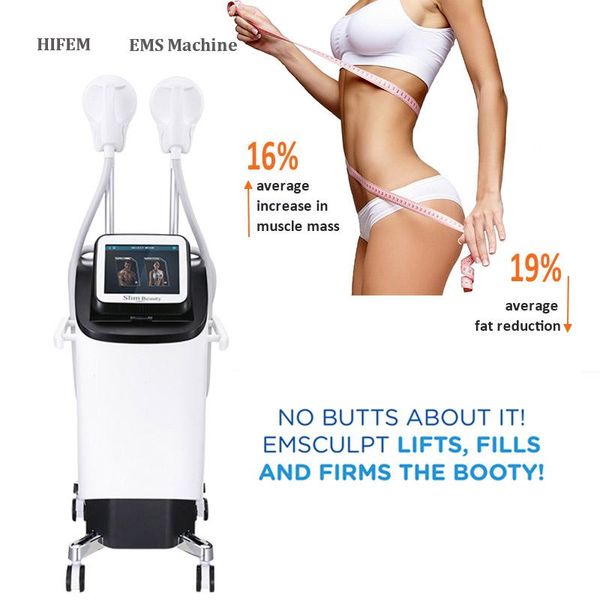 

2020 virtually painless emsculpting machine emslim body shaping machine emslim emsculpt fat removal dhl ce certificated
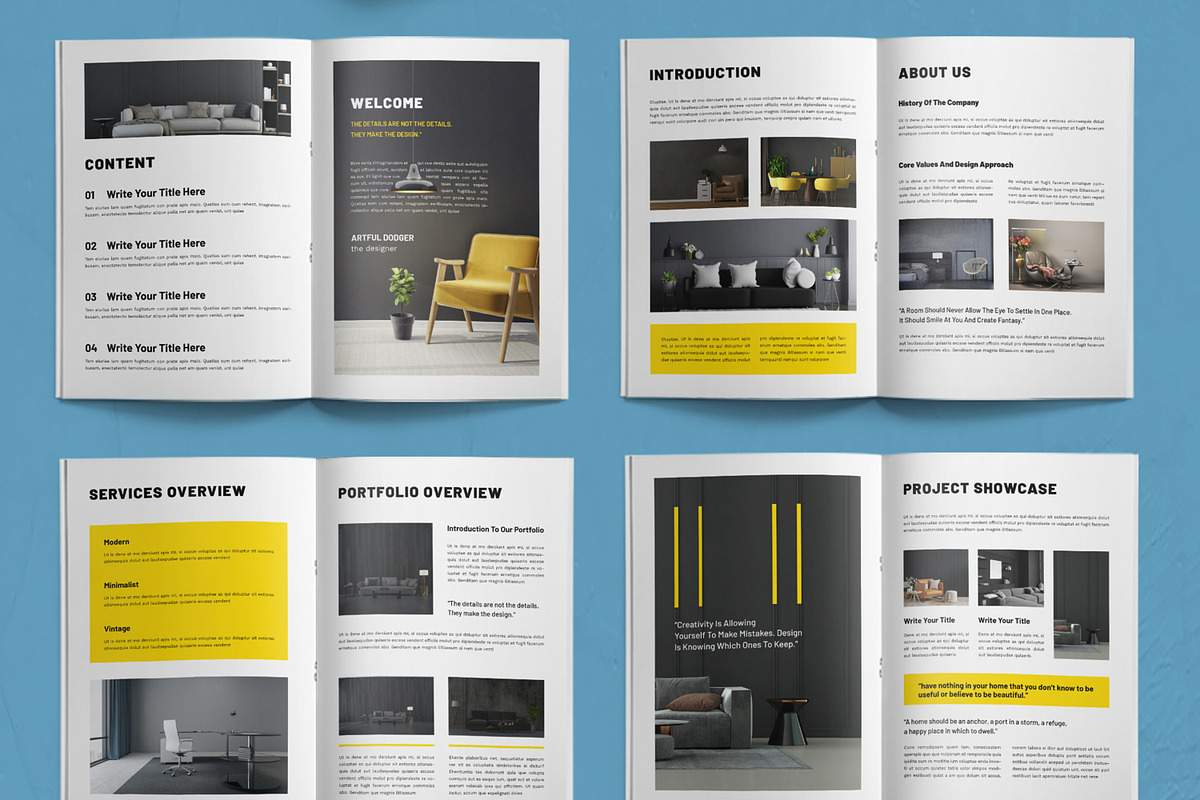 Interior Catalog Template Layout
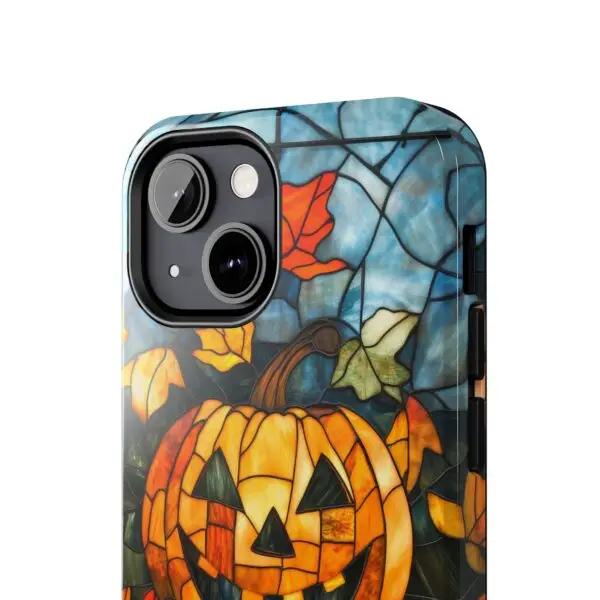 Luminous Lantern Halloween Stained Glass Tough Phone Case for iPhone and Samsung - Image 68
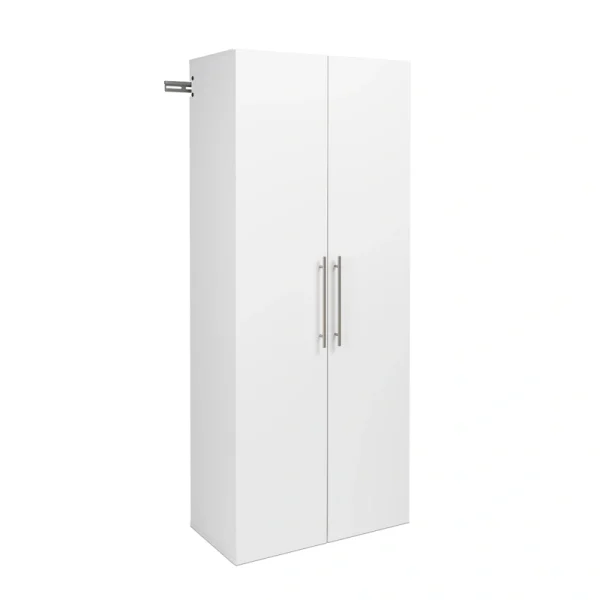 Prepac HangUps 30-in W x 72-in H Wood Composite White Wall-mount Utility Storage Cabinet T726918623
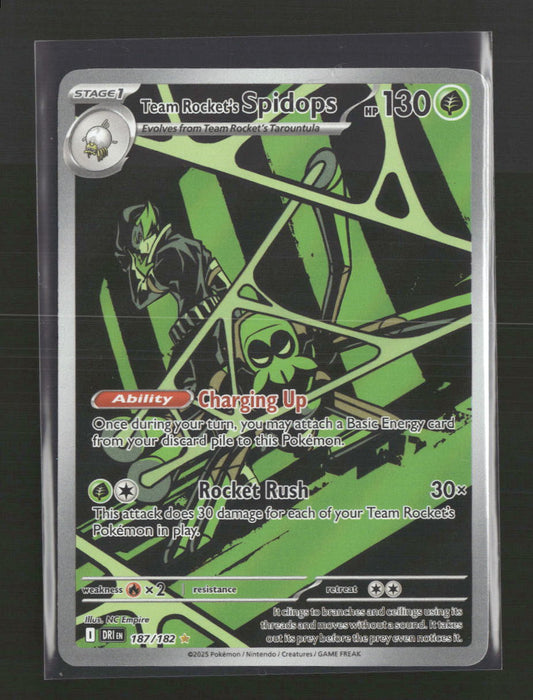 SV10: Destined Rivals Team Rocket's Spidops #187/182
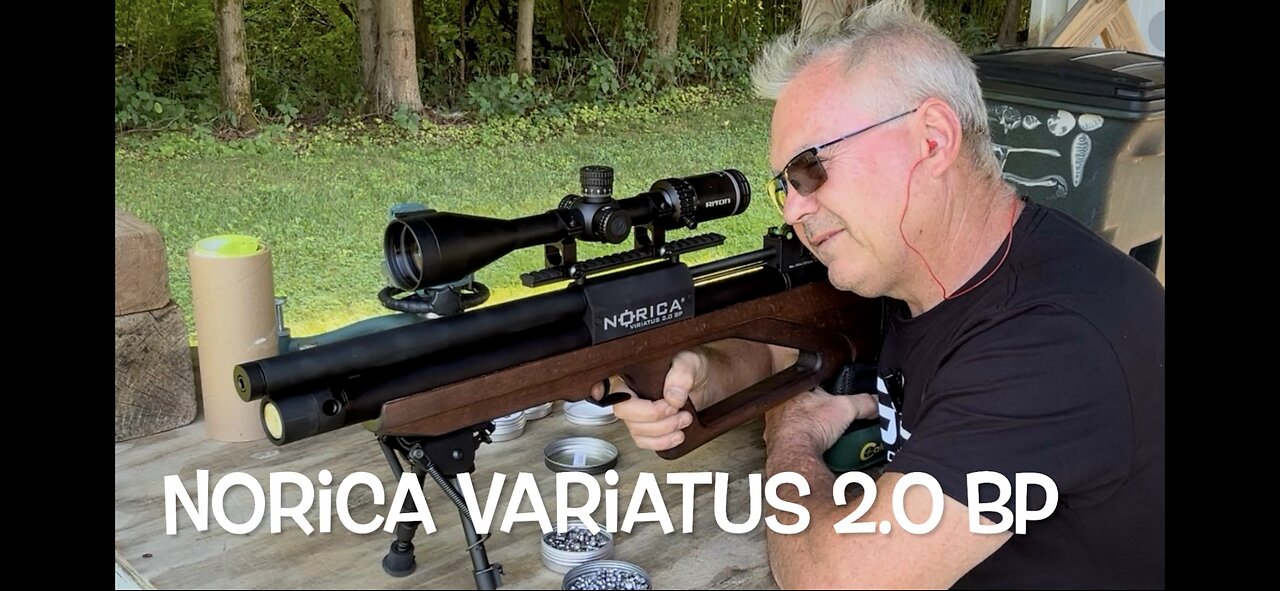 Norica Variatus 2.0 BP at the range & plinking!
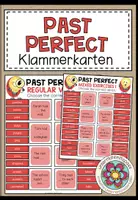 Vorschau - Fördermaterial/Inklusion - PAST PERFECT - Klammerkarten - Deckblatt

• Assigned task:
Pictures are not part of the answer, which must be the exact lines from the one holding "Interior Catalog Template Layout" through the end of the material, both ends included.

• Solution to this exercise:
 Interior Catalog Template Layout
 Luminous Lantern Halloween Stained Glass Tough Phone Case for iPhone and Samsung - Image 68
 Prepac HangUps 30-in W x 72-in H Wood Composite White Wall-mount Utility Storage Cabinet T726918623
 SV10: Destined Rivals Team Rocket's Spidops #187/182
 Norica Variatus 2.0 BP at the range & plinking!
 Vorschau - Fördermaterial/Inklusion - PAST PERFECT - Klammerkarten - Deckblatt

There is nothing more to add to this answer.